Nun signalisierte, wie die Zeitung schreibt, der vierte Zivilsenat des Stuttgarter Oberlandesgericht Annen und seinen Anwaelten gestern Morgen, dass er durchaus der Argumentation des Heilbronner Gerichtes folgen koenne. Mit dem Flugblatt koenne der Eindruck entstehen, der Frauenarzt tue etwas Verbotenes und verstosse gegen das Gesetz, sagte die Vorsitzende Richterin Dr. Heidi Sulzberger-Schmitt laut der "Heilbronner Stimme". Das sei aber nicht der Fall. Beisitzer Dr. Juergen Herdrich betonte dem Blatt zufolge, dass der Zivilsenat ausdruecklich nicht darueber entscheide, ob Abtreibungen nun rechtswidrig seien oder nicht. Es gehe lediglich um eine Abwaegung zwischen den Persoenlichkeitsrechten des Frauenarztes und Guenter Annens grundgesetzliches verbrieftes Recht auf freie Meinungsaeusserung.

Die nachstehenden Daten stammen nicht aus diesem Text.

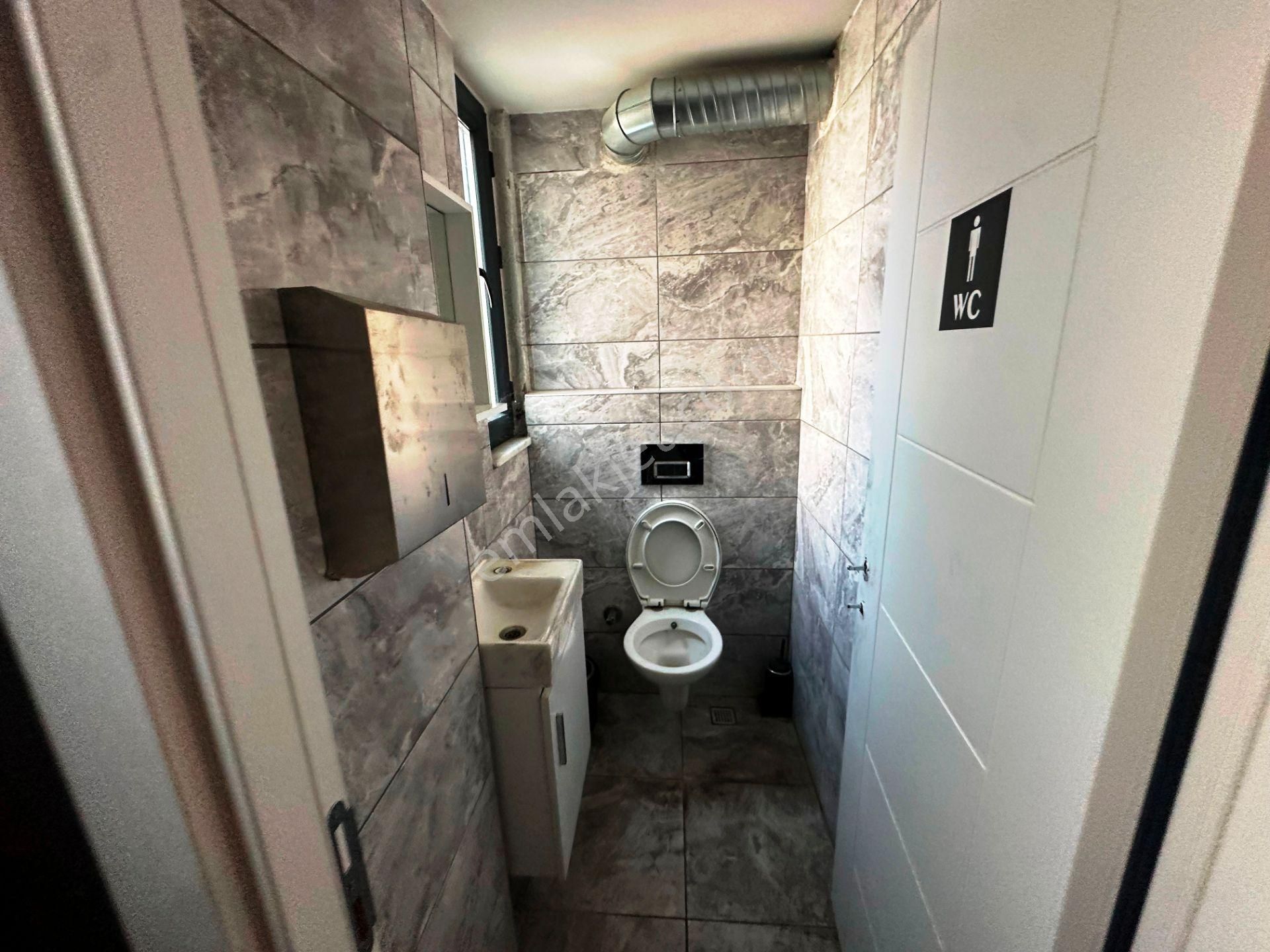 Kartal Meydan'da 5 Yıllık 3 Katlı 350m2 Bacalı Kiralık Bina - Görsel 18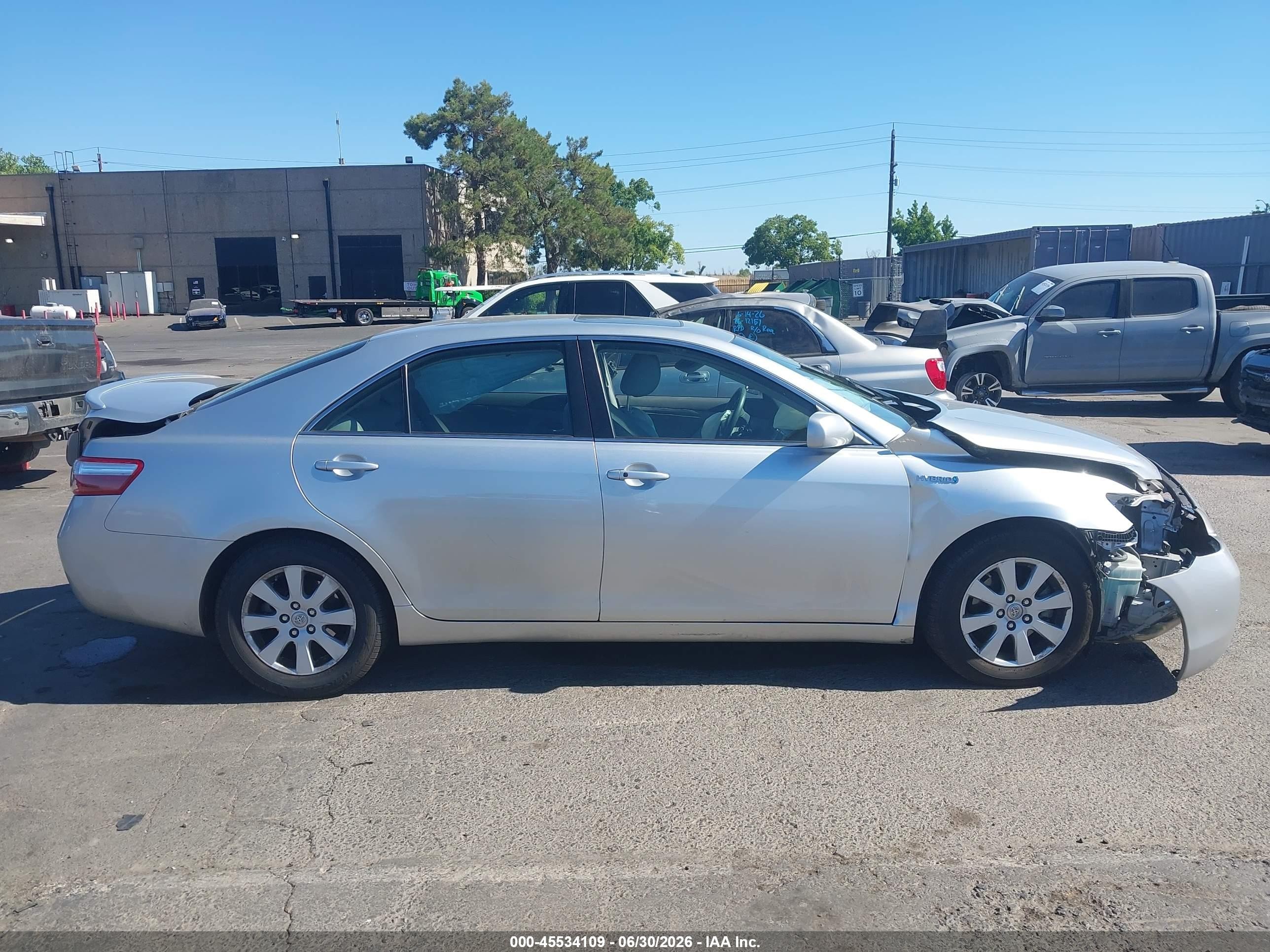 2007 Toyota Camry Hybrid Серебряный vin: JTNBB46K473025975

Annen erklaerte nach dem Gerichtstermin laut der Zeitung, dass er in seinem Flugblatt lediglich die Sprache des Bundesverfassungsgerichts benutzt habe. "Und das soll mir jetzt verboten werden." Der Anwalt des Frauenarztes sagte, sein Mandant empfinde den Protest als einen Versuch, die Frauen ins finstere Mittelalter der Engelmacherei zurueck zu treiben. Das Urteil soll erst am 8. Mai verkuendet werden, so das Blatt weiter.

Nach dem Gerichtstermin demonstrierte Guenter Annen stundenlang vor der Praxis des Heilbronner Frauenarztes.